[DESCRIPTION OF THE TASK]
Print the data below exactly, but only the lines from the one containing "Busta Porta Soldi" down to the one containing "Schulterfreies Chiffon-Brautjungfernkleid mit", inclusive.

[INPUT FOR THIS TASK]

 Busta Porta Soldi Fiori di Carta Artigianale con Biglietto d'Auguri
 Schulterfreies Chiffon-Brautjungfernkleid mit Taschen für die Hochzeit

==

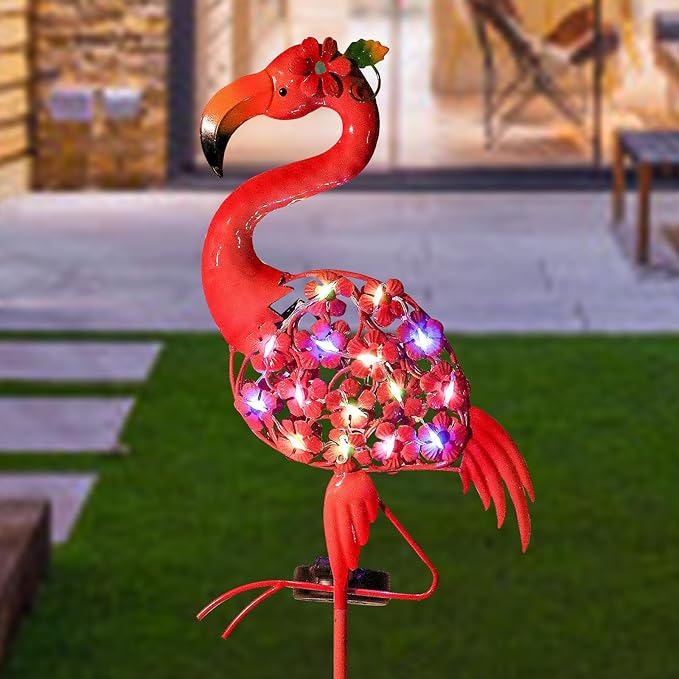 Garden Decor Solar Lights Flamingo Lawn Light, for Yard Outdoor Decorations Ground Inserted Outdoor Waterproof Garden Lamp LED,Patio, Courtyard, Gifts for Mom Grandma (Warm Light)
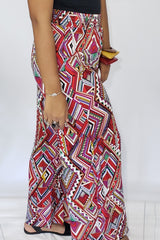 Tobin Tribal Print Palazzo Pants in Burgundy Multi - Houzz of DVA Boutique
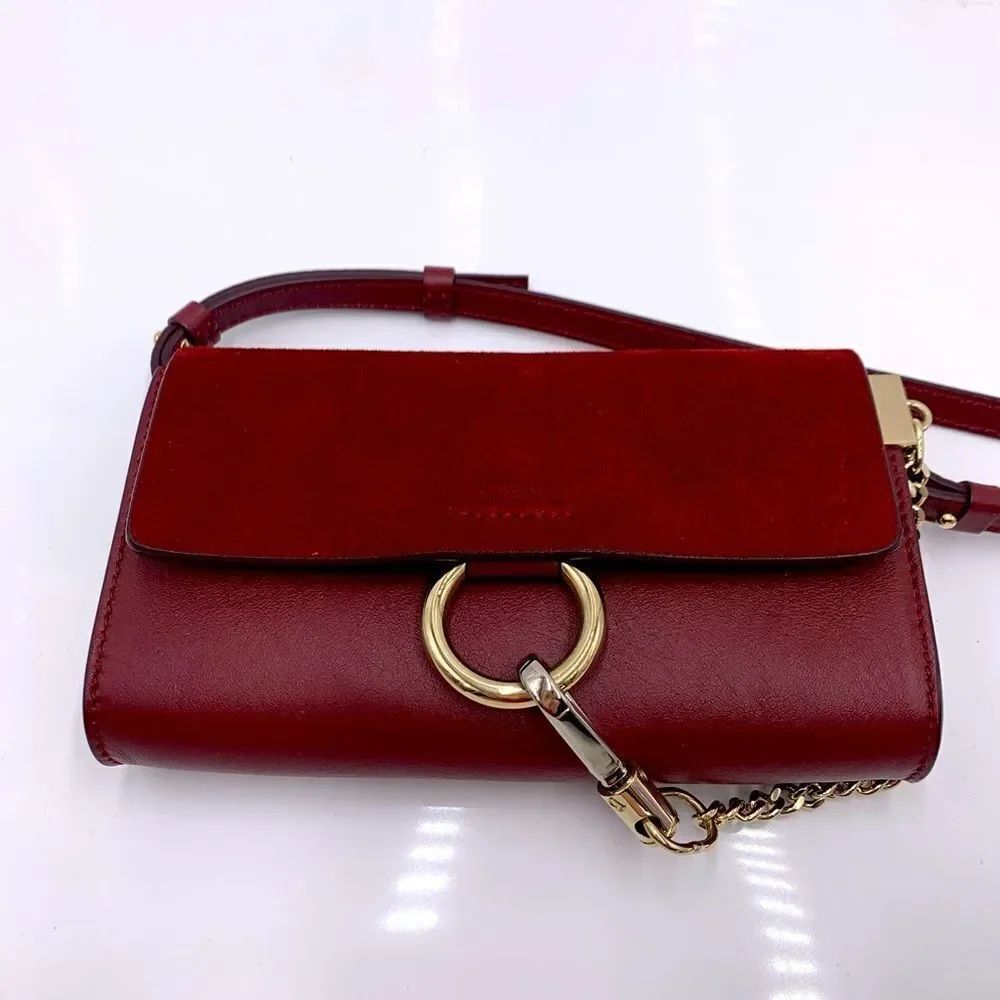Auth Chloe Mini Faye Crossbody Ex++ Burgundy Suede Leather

--

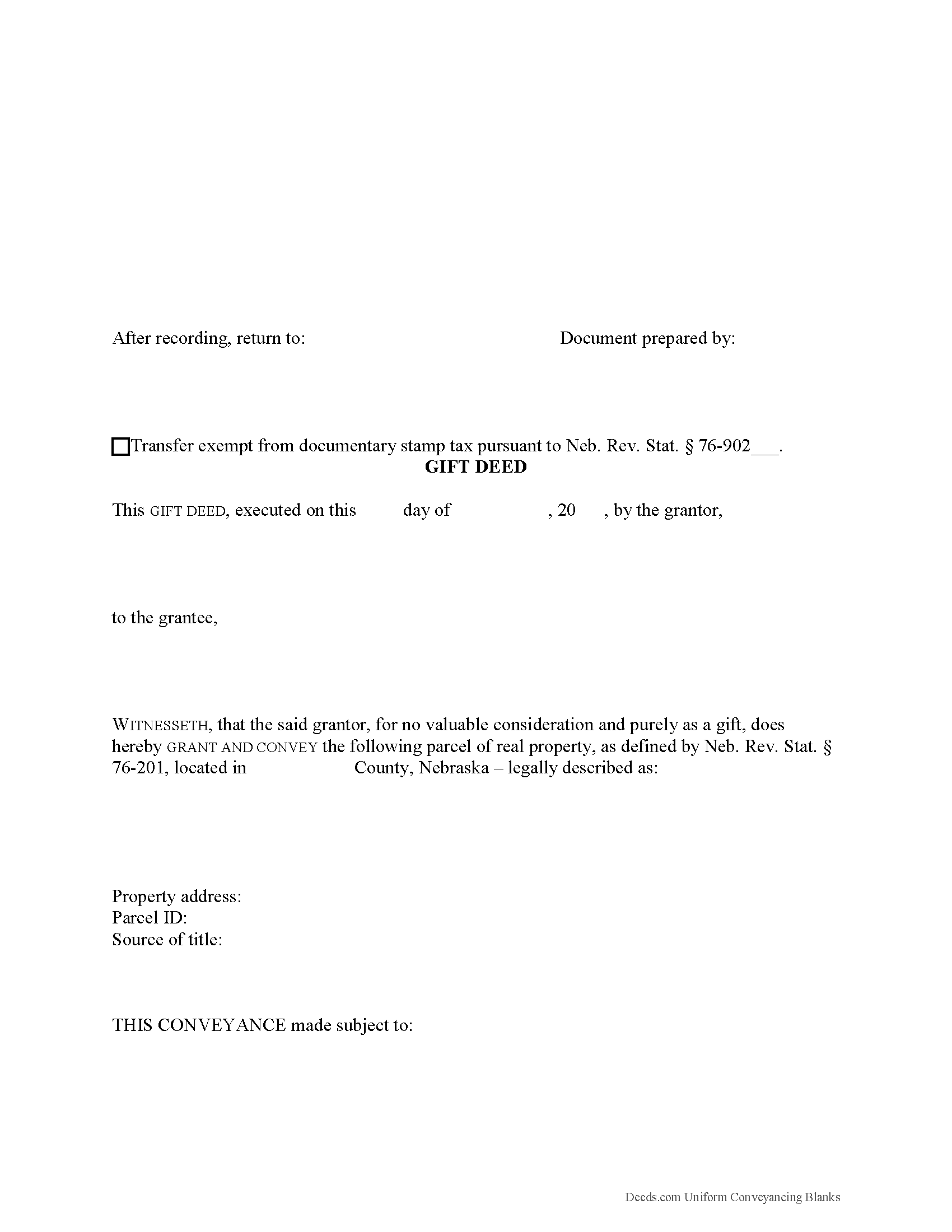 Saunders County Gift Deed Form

[ANSWER FOR THE TASK]
 Busta Porta Soldi Fiori di Carta Artigianale con Biglietto d'Auguri
 Schulterfreies Chiffon-Brautjungfernkleid mit Taschen für die Hochzeit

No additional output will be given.